O álbum é inaugurado pela faixa “Confusion” que já começa suja e perigosas, com riffs sujos e potentes de guitarra e uma curiosa pegada jazzística levada na bateria, mas que logo irrompe em um volumoso e potente hard rock tipicamente dos anos 1970, mas sempre com aquele tempero improvável do jazz, que me remete ao Black Sabbath em seus primórdios. E assim se segue, depois entram solos de guitarra, baixo pulsante, bateria pesada, tudo envolto em uma massa densa e pesada.

"Confusion"

Segue com “I Found Out” que me remete, logo em seu início, com o psicodelismo dos anos sessenta, com aquele “beat” dançante, marcado por riffs de guitarra e vocais mais animados. E assim é conduzida, trazendo “surtos” de rock com solos bem dedilhados, ao estilo Robby Krieger, do The Doors. “People In the City” traz de volta o petardo sonoro do hard rock. Riffs pesados e grudentos de guitarra são ouvidos e um vocal potente e gritado também, para dar o tempero a sonoridade suja e pesada que se segue até o final. Bateria pesada e marcada é ouvida e o baixo pulsa como um batimento cardíaco em êxtase. Poderosa!

"I Found Out"

“Black As Night” começa com um riff de guitarra instigante e que me remete a um heavy rock, a um heavy metal de vanguarda, um proto punk, mas mesmo com todo o peso perceptível, segue arrastada, suja, ameaçadora aos ouvidos mais delicados. Solos de guitarra trazem sofisticação, mas são curtos e, ainda assim corroboram o seu peso, o peso da música.

"Black As Night"

“Blues Thing” é o contraponto, o que traz a antítese do que, até então se ouvia no álbum. Bem tocada, o momento em que os músicos se revelam extremamente competentes. Uma balada calcada no choro da guitarra, no blues rock, com intervalos mais rápidos de peso, para não perder o costume. Mas é aqui que uma das referências do Eugene Carnan aparece: Cream. Um blues rock mergulhado em lisergia.

"Blues Thing"

“On Your Mind” retoma o trilho do trem louco do Eugene Carnan, um peso ao estilo Sabbath de ser. Um proto doom que traz peso e momento sonoro arrastado e sujo, com vocal rouco, gritado e pouco límpido, muito pelo contrário. Solos de guitarra e bateria pesada e marcada vem com a parte mais “técnica” da música, fazendo dela bem diversificada e atemporal.

"On Your Mind"

E fecha com “Mountain” que traz de volta, pelo menos no seu início, aquele clima meio “beat” na música. Puro engano! Ela explode em um hard rock e proto metal em uma bateria arrogante e pesada, com riffs grudentos e sujos, além de um vocal gritado a plenos pulmões. Aquele riff de baixo “a galope” é nítido e faz com que a música remeta aos primórdios do heavy rock e heavy metal. É ousada e fascinante!

"Mountain"

Quando a banda se desmantelou, logo após a briga entre Wayne e Major Kenny e a saída do baixista Williams, Mike Evans decidiu que a banda deveria pelo menos fazer algumas gravações para as suas próprias coleções e ter as músicas disponíveis para caso algum novo baixista aparecesse e ele aprender a tocar as referidas músicas. Eles ainda nutriam uma esperança de retomar a vida da banda, mesmo com todos esses golpes pesados.

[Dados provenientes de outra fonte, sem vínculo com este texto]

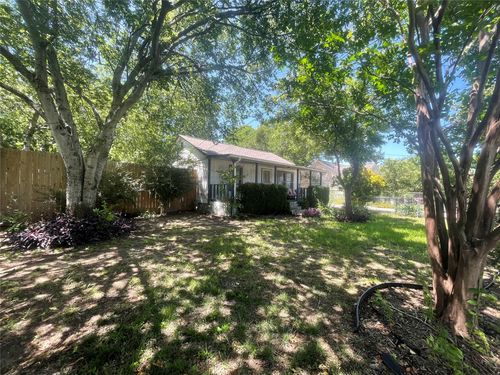 611 Crestside Dr, Duncanville, TX, 75137-3413 | Card Image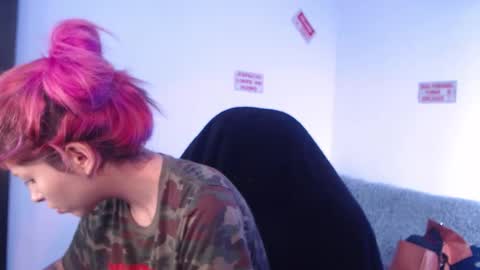                      100   online show from 12, 11, 2025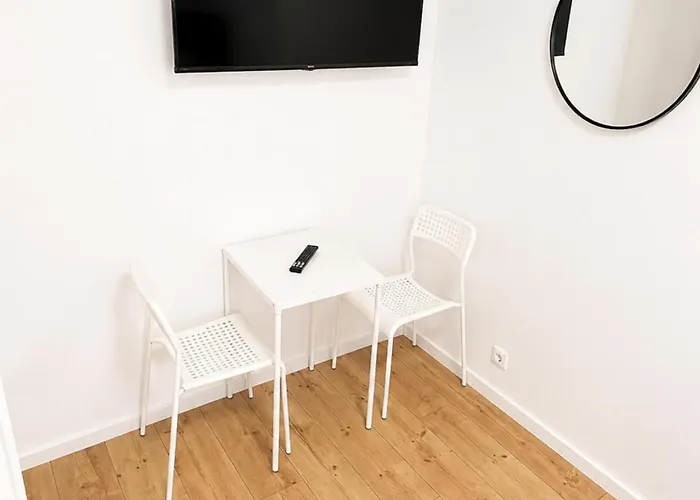 Comfortable 7br With Garden Access Apartamento Viena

E com isso em mente, em 28 de julho de 1972, Evans foi para Londres, sozinho no trem, e levou para as fitas para o J. Eden Studio, em Kingston-Upon-Thames, que ofereceu um “serviço de fita” para o disco. Mike os descobriu por intermédio de um anúncio nas últimas páginas da revista “Melody Maker”.

No estúdio, eles cortaram quatro cópias das sete faixas direto para o LP. O processo foi, obviamente, analógico e ao vivo, onde tocaram a fita e uma caneta cortou as ranhuras do plástico. Eles fizeram isso quatro vezes para obter os quatro discos parando para virar o disco na metade da duplicação, então acabaram com quatro faixas de um lado e três do outro. Convém uma curiosidade sobre a capa do álbum: o castelo foi para homenagear o famoso castelo da cidade natal dos músicos.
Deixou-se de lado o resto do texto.